| PROBLEM DETAILS |
Repeat, word for word, all the data that follows, and exclude the pictures.

::::

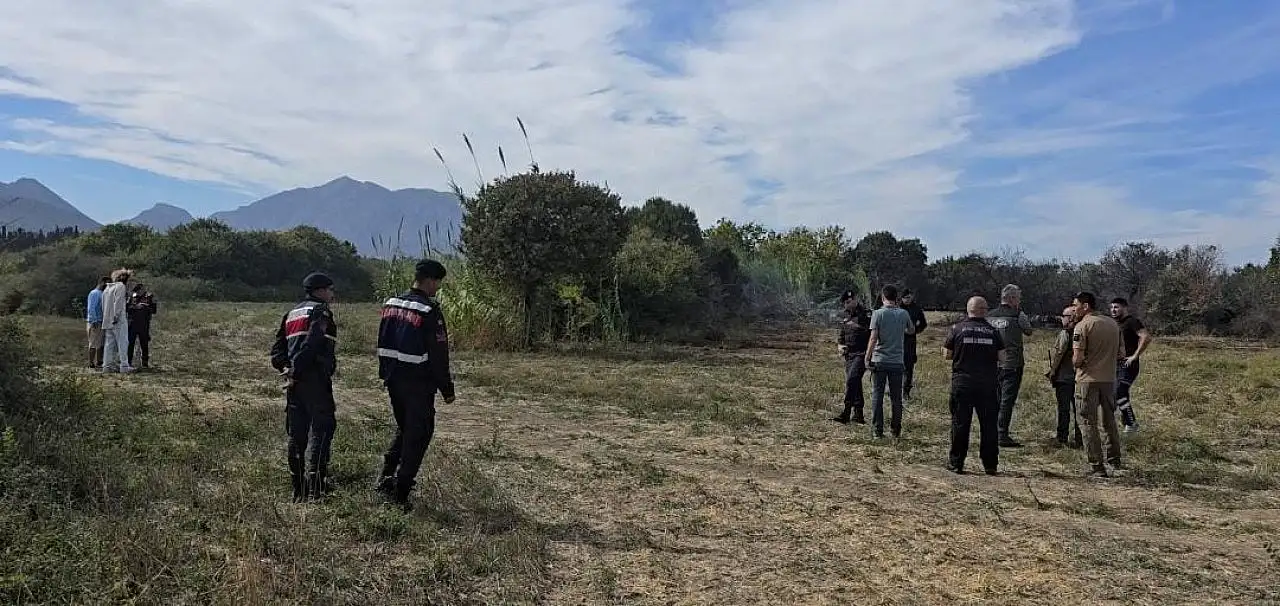 Datça'da tarım alanında çıkan yangın söndürüldü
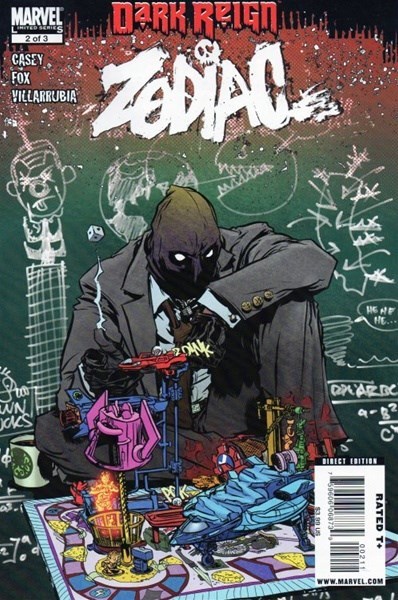 DARK REIGN: ZODIAC #2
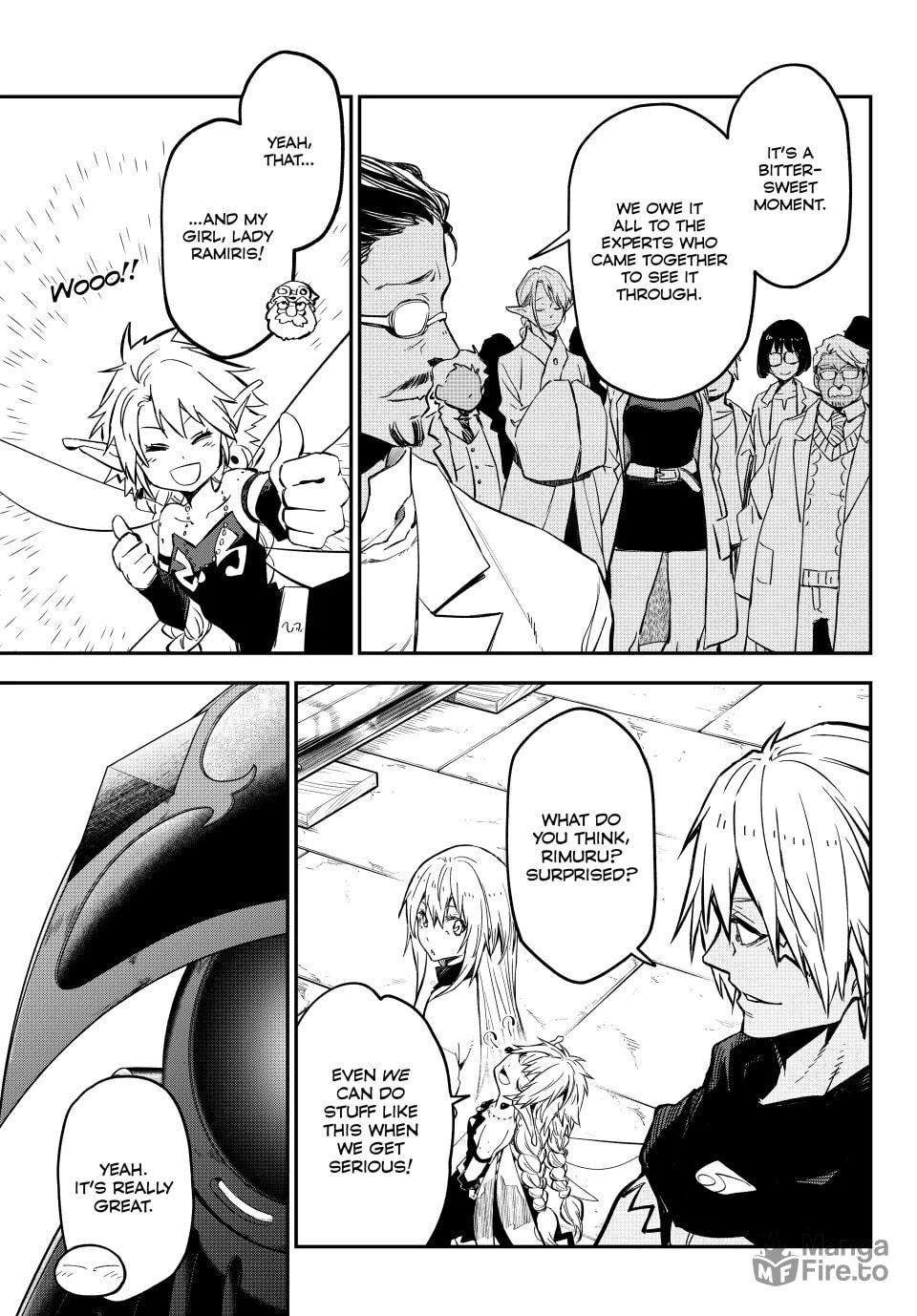 Tensei Shitara Slime Datta Ken, Chapter 132 image 35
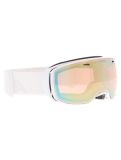 Thumbnail Alpina, Estetica Qv goggles unisex White Gloss white 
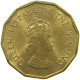 JERSEY 1/4 SHILLING 1966 Elizabeth II. (1952-2022) #c036 0037 - Jersey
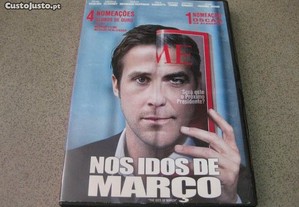 DVD "Nos Idos de Março" com George Clooney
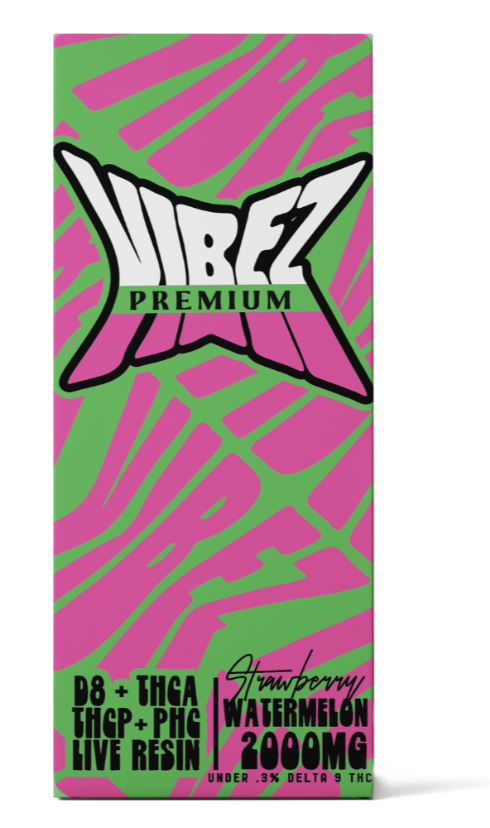 Premium Vibez Disposables by Earth's Bounty E-Juice
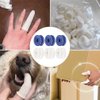 Finger Bandage 20 PCS Finger Cots Finger Protector First Aid Tubular Bandages Finger Sleeves for Finger Sprains Swelling
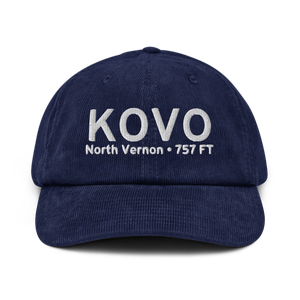 North Vernon Airport (KOVO) ICAO Hat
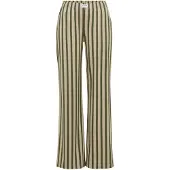 LASCANA Pyjamasbyxa guld / khaki / mörkgrön
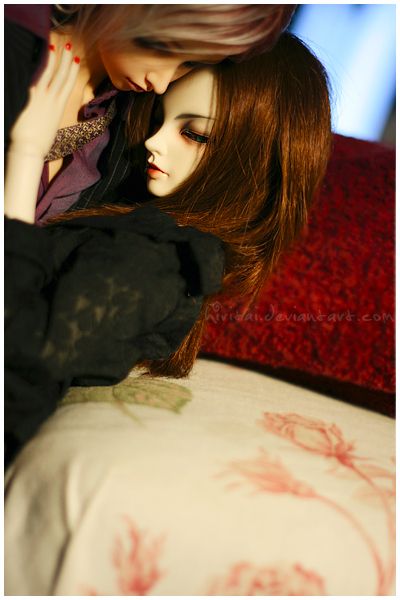 Japanese dolls. Cool (40 photos)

::::

| EXERCISE ANSWER |
 Datça'da tarım alanında çıkan yangın söndürüldü
 DARK REIGN: ZODIAC #2
 Tensei Shitara Slime Datta Ken, Chapter 132 image 35
 Thumbnail Alpina, Estetica Qv goggles unisex White Gloss white 
 JERSEY 1/4 SHILLING 1966 Elizabeth II. (1952-2022) #c036 0037 - Jersey
 DVD "Nos Idos de Março" com George Clooney
 Premium Vibez Disposables by Earth's Bounty E-Juice
 Finger Bandage 20 PCS Finger Cots Finger Protector First Aid Tubular Bandages Finger Sleeves for Finger Sprains Swelling
 North Vernon Airport (KOVO) ICAO Hat
 LASCANA Pyjamasbyxa guld / khaki / mörkgrön
 Japanese dolls. Cool (40 photos)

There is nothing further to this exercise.